Saturday, September 4, 2010

A Modern Tragedy of the Commons: Gold Dredging on the Rogue River

In a post a couple of days ago I was discussing how cultural attitudes towards homeownership shape the supposedly universal principles of the free market.  Here's another instance.

In this case, it's about the area of land ownership that has historically been the most difficult to assign property rights to, use of rivers.  After several dams on the Rogue River were taken down, it seems largely for environmental reasons, a rush (if 1000 permits warrants the term) of dredgers flocked to the river to search the accumulated silt and gravel for gold.  This has proven to be a disturbance to local property owners that use the river and to people wishing to use the river for forms of recreation beside dredging (while I don't know for sure, this doesn't sound like an extraordinarily lucrative opportunity to me).

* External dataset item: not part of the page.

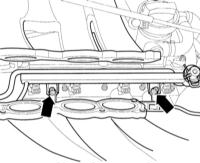 6.2.2 Снятие, установка и проверка топливной распределительной магистрали и инжекторов Audi A3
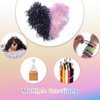 OOTDAY Mini Rubber Bands, Hair Ties No Damage, Rubber Bands for Hair, Ponytail Holders, Elastic Hair Ties for Women Kids Braids Hair Clear, Jelly and Black(1000PCS)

As river issues go, this one isn't very complex.  It's a simple tragedy of the commons ameliorated through government intervention limiting dredging and subject to further legislation by the state.  However, unlike many other uses for public land, this particular use has comparatively large externalities that are being imposed on others.  I don't know enough about the subject to come down on one side or the other of this particular dispute but I did think it was a great example of how very basic conceptions of property right, in this case that rivers are effectively non-excludable due to downstream impacts so must be publicly managed rather than privatized, lead to unpredictable impacts in other areas. 

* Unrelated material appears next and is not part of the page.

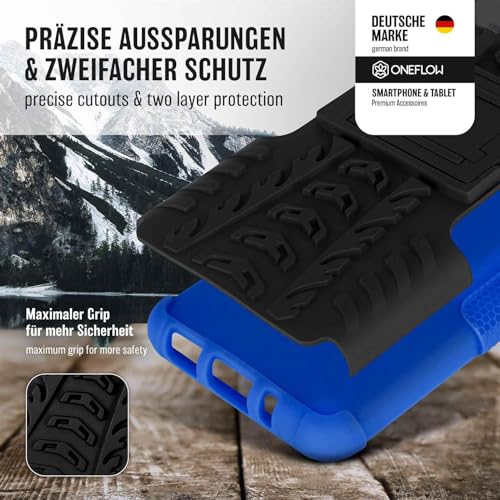Coque Apple iPhone 15 Pro ONEFLOW blindée avec support bleu noir - 3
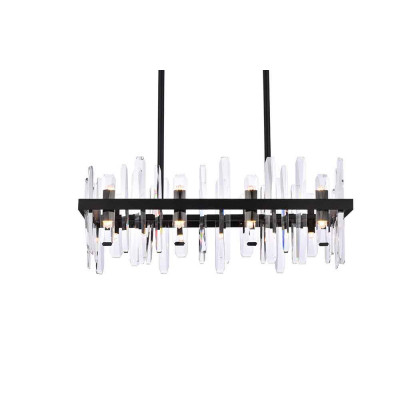 Elegant Chandelier - Black, L 30" (2200G30BK)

If we did have a conception of property right that gave sole control over rivers to those owning adjacent land (or alternately allowed rivers to be bought and sold independently of the land on either side, though I'm not aware of any society that has done this) the property owners would have control over whether or not someone dredged.  Of course, since dredging effluent would then still flow downstream and have effects on the wildlife that removing the dams was supposed to help this wouldn't make the problem any more solvable. 

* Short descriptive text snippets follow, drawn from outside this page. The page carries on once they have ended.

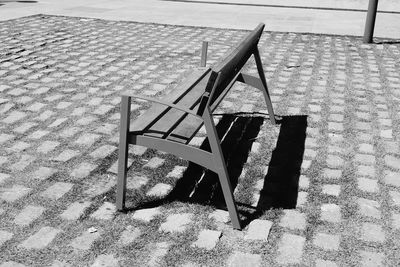 Chairs and table on beach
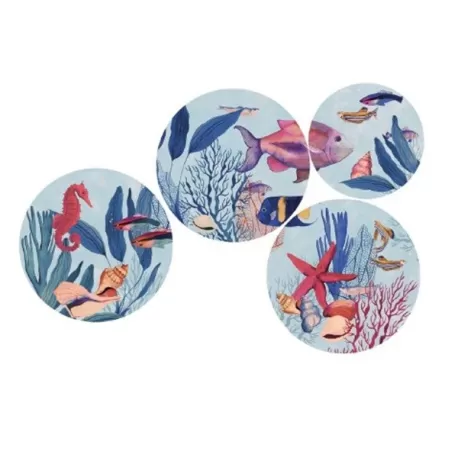 Piatti decorativi da parete Male'- set 4 pezzi Cm. 2 pezzi 26,5 - 2 pezzi Cm. 20,5 - L'oca Nera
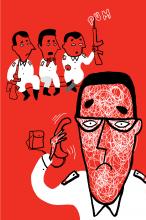 ilustracion Escuadra hacia la muerte: Aviso de guerra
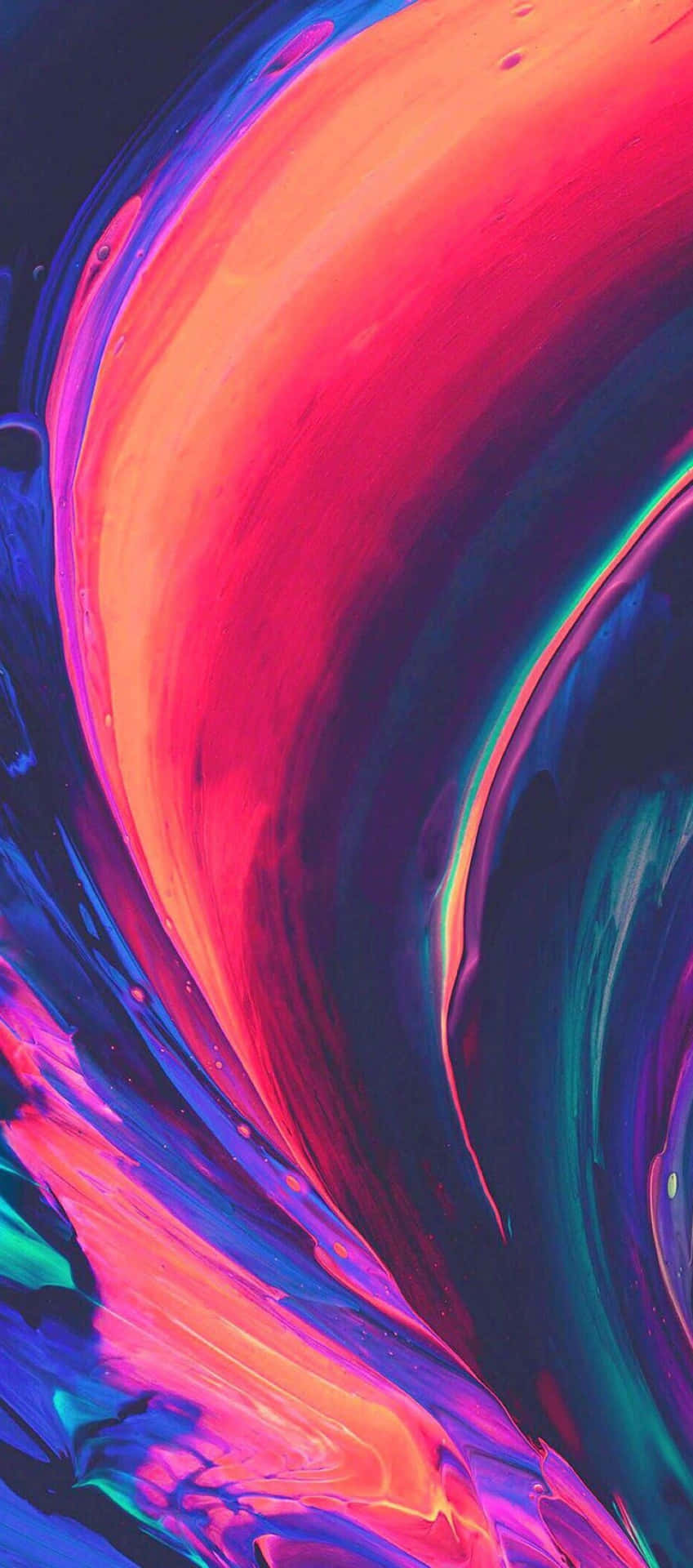 Iphone X Abstract Multi-colored Paint Swipes Wallpaper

In any case, you still have a free market no matter how your conception of property rights applies to rivers but the free market will behave very differently in its impacts on individual decision making depending on which specific institutional form of property rights applies to your society.  Which is an example of why it is a fundamentally flawed approach to seek to explain economics or society through a focus on individual action, individual action is only comprehensible against a background of socially constitutive norms and these norms are derived not from individual but from social action.  This is why libertarianism makes absolutely no sense to me, social norms and forces must be understood prior to understanding individual action and from everything I've read, libertarianism, and authors such as Hayek, seek to reverse this direction of understanding society.

1 comment:

  1. A little off topic, but a century and a half ago, the Rogue River was known as a popular place to hold tent revivals, leading Ambrose Bierce to write that the valley was living up to its name.